Briefly, this is how it gets off the ground, as described here — technical details of the probabilistic model in a relatively palatable form. If we were to define some probabilities for a query term t, as shown below:

p    probability that t indexes a relevant document
q    probability that t indexes a non-relevant document.

……we would consequently get:

1-p    probability that t does not index a relevant document
1-q    probability that t does not index a non-relevant document

The term weight would then be given by the following equation:

 w(t) = log (p(1-q)/(q(1-p)))

To give real-world values to the term weight, it is expressed in terms of:

  • N — the document collection size,
  • R — the subset of relevant documents that are relevant for a search term t,
  • n — the number of documents indexed by term t,
  • r — the number of indexed documents that are relevant,
  • and some constants that are chosen for optimal results.

That is as far as we go here.

Like the vector space model, this model too calculates weights for documents that are indexed by the query terms. In the vector space model, the cosine similarity acts as a surrogate for this weight. But unlike for the vector space model, the document weights can keep changing based on user interaction. This model starts with a basic set of “relevant” documents in the result set, using in-document term counts or inverse document frequency (see term weighting in the Jargon Buster section from our previous article) to calculate document weights.

But the model expects the user to select the more relevant documents in this set, and resubmit the query, thereby allowing the model to reformulate the query, recalculate document weights, and revise the result set. In other words, the search process is iterative if it has to give increasingly meaningful results. For first-hand experience of this model at work, try this example of a search engine implementation using the probabilistic model with search-related queries.

To get a closer look at where the rubber meets the road, you can read how Lucene — a search engine from the Apache stables — ranks results. If you try out Lucene (or a similar search engine), you might get a glimpse into how the best of algorithms cannot avoid giving you counter-intuitive result rankings, or how sometimes, unlikely keywords can give you relevant results.

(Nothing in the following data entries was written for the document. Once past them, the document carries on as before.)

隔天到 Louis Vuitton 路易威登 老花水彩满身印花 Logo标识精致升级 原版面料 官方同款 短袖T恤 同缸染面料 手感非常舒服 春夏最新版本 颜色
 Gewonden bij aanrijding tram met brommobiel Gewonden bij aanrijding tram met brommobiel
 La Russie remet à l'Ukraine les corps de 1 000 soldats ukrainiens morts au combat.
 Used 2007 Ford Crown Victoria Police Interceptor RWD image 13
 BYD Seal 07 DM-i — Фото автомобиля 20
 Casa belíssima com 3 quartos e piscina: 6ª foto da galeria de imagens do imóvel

Is the quest for the perfect search destined to run aground in the sands of irrelevance? No — not if we can dress up the content.

Dressing up the content

The problem of getting consistent, usable search results has already been cracked by your public library. Imagine that you were searching for library books using key-words the way you search URLs on the Internet. There is no telling how long you would need to search before getting the relevant book; often, you may not even know which keywords to use.

But that is not how searching for books in a library has been happening for a long time, nor how you now search for MP3 songs on your personal music player. You search for books in a library using the library catalogue, and for music on your PMP using ID3 tags, which is nothing but metadata (data about data) describing the books and the music respectively.

While search as an activity had been happening in libraries for a long time, it emerged as a big-ticket application only with the advent of the Internet. With the novelty of this application, there also crept in the implicit assumption that Internet URLs are self-cataloguing. Although that is true to a certain extent when the “Title” and “Keyword” meta tags in HTML are populated correctly, we all know that in the race for search-engine rankings, the most sedate Web designers take extreme liberties with this cataloguing data, making it hard for it to serve any useful purpose. And we have realised that (key-) words that appear directly in the content provide poor and inconsistent self-cataloguing of the content.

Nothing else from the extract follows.